The need is great so please be generous. Any amount is appreciated but a suggested amount is $18 per person in your family.

A Message from Rabbi Katz

While some people grew up watching family members prepare for the holidays, others are just now exploring the ways these rituals help make Jewish values concrete. Whether you are a "veteran" of Pesah cleaning or a newcomer, I hope that some of the resources here will help you.
For detailed instructions on making your home kosher for Passover, go to:
www.rabbinicalassembly.org/pesah-guide.

I LOVE QUESTIONS ABOUT PESAH, so, no matter what your level of experience, I hope that you will call me. I look forward to helping you craft a Pesah that is memorable for you and the people you love.

Hag Kasher V'Sameah! A Kosher and Happy Passover!

Rabbi Barry Dov Katz
718-543-8400
rabbi@csair.org

P.S. This Pesah...Be a Host or Be a Guest: If you would like to be a guest at a seder, or if you can host additional guests at your first or second seder, please call the shul office, 718-543-8400 by Friday, April 12, 2019.

Guide to Kosher Foods and Preparing Your Home for Passover

A few years ago, the Rabbinical Assembly updated its Pesah guide, bringing it into line with current information about food manufacturing and modern appliances. It offers a fuller explanation of some of the laws of Pesah.

There are some significant changes in this guide as compared with the guides I have provided in past years. Some will make preparing for Pesah a bit easier, others will make it a bit more challenging. On the whole, I like the approach of the Guide and offer it to you as a Pesah resource.

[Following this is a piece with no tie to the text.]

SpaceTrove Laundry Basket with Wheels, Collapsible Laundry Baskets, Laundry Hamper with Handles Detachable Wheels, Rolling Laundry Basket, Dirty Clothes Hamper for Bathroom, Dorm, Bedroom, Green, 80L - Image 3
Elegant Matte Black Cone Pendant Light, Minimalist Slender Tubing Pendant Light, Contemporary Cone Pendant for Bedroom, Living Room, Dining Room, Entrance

I do have a few reactions to specifics of the Guide and offer them to you as well. My reactions are based on my own experience and research into how various rabbis and rabbinical organizations approach these questions. Before you read the guide, please take note of my comments below. Some disagree with the Guide, others clarify or add material not found in the Guide.

Notes:

  • In the section on Kashering of Kitchen Appliances and Utensils the Guide notes that metal baking pans and sheets require libbun at very high temperatures which may warp the vessel. In my experience, metal baking pans can rarely be cleaned well enough to kasher them for Pesah. I do not recommend koshering baking pans and sheets for Pesah.

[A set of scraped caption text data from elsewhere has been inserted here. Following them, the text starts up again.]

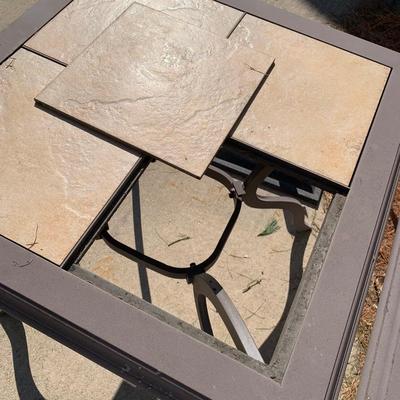 LOT 167 O: Hampton Bay Tile Patio & Side Table w/ Umbrella Stand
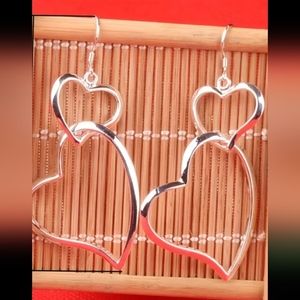 STERLING DOUBLE HEART DANGLE EARRING ONE AND A HALF INCH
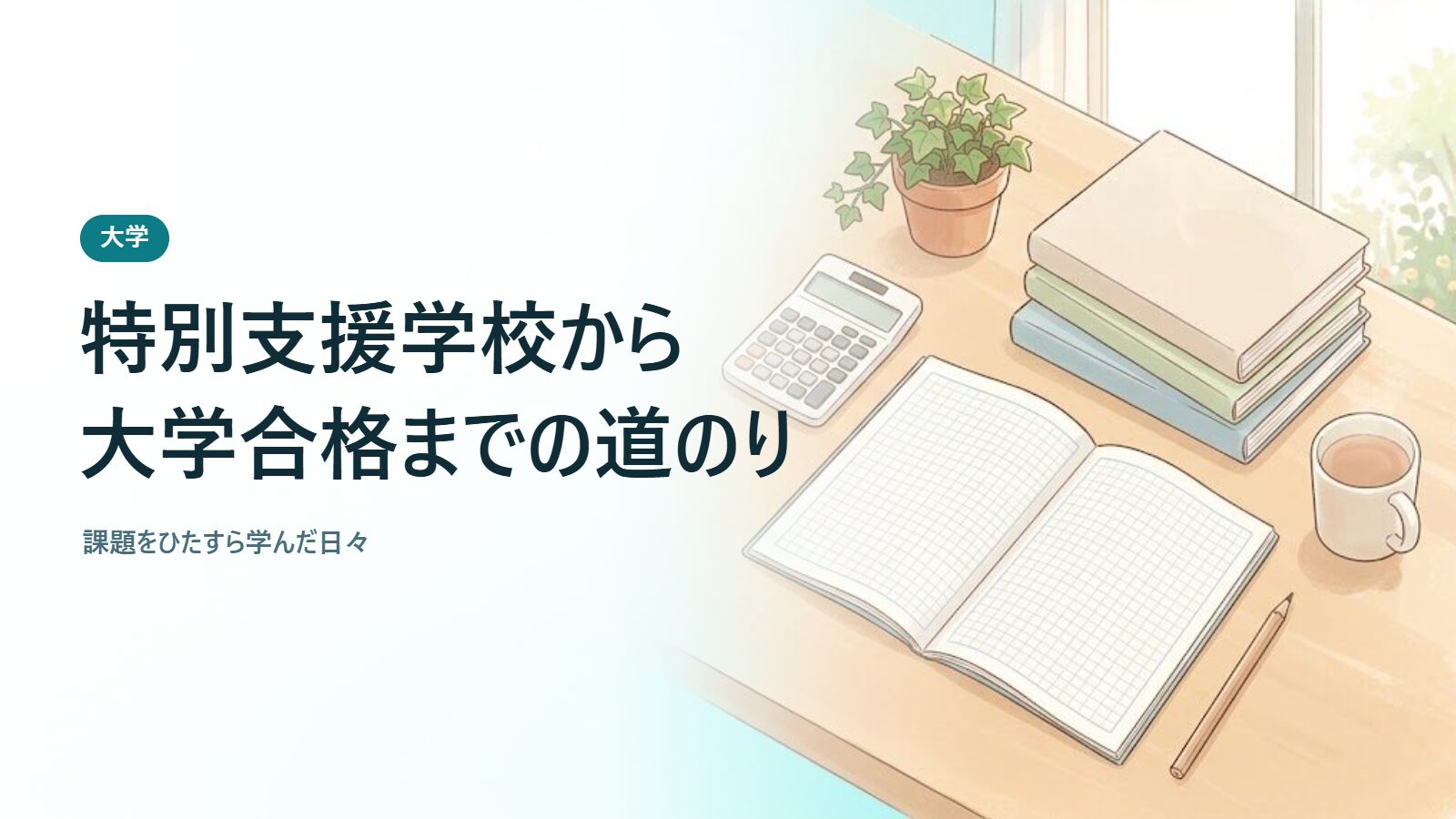 特別支援学校から大学合格までの道のり 課題をひたすら学んだ日々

  • The Guide says that "Smooth, glass top electric ranges require koshering by libbun and irui (pouring boiling water over the surface of the range top) and then offers instructions on how to do this. In my experience, the irui process they recommend can be harmful to glass topped ranges. I suggest/cleaning the stovetop thoroughly using special products intended for use on these ranges and then heat as hot as possible for 40 minutes.

  • The Guide says that "Issues regarding glass bakeware are complex." I do not recommend koshering glass (Pyrex, etc.) bakeware or cookware for Pesah.

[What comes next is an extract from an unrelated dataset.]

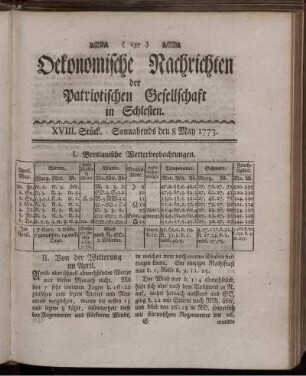XVIII. Stück. Sonnabends den 8 May 1773.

  • Dishwasher ‐ In the past, most authorities said that porcelain or plastic lined dishwashers could not be kashered. Recently, several authorities including the OU have said that these appliances can be kashered. Those who chose to kasher their metal, porcelain or plastic‐lined dishwashers using the method suggested in the Guide (or the slightly different procedures suggested in other places,) can rely on the authorities who permit this. Those who chose not to kasher their dishwashers also have authorities on which they can rely.

  • Refrigerators ‐ Refrigerators and freezers should be defrosted, cleaned and scoured. Include all walls, shelves and baskets. Some people cover shelves with shelf paper or foil during Pesah. (Make sure to allow for good air circulation in by punching holes in the paper or foil.)

  • Dishtowels and tablecloths can be kashered by washing with soap.

  • Kitniyot–The Rabbinical Assembly Guide includes links to two teshuvot, rabbinic response, regarding eating kitniyot (legumes, etc.) One new teshuva permits eating kitniyot. Another maintains the Ashkenazi prohibition. Our shul will continue to follow the traditional Ashkenazi prohibitions.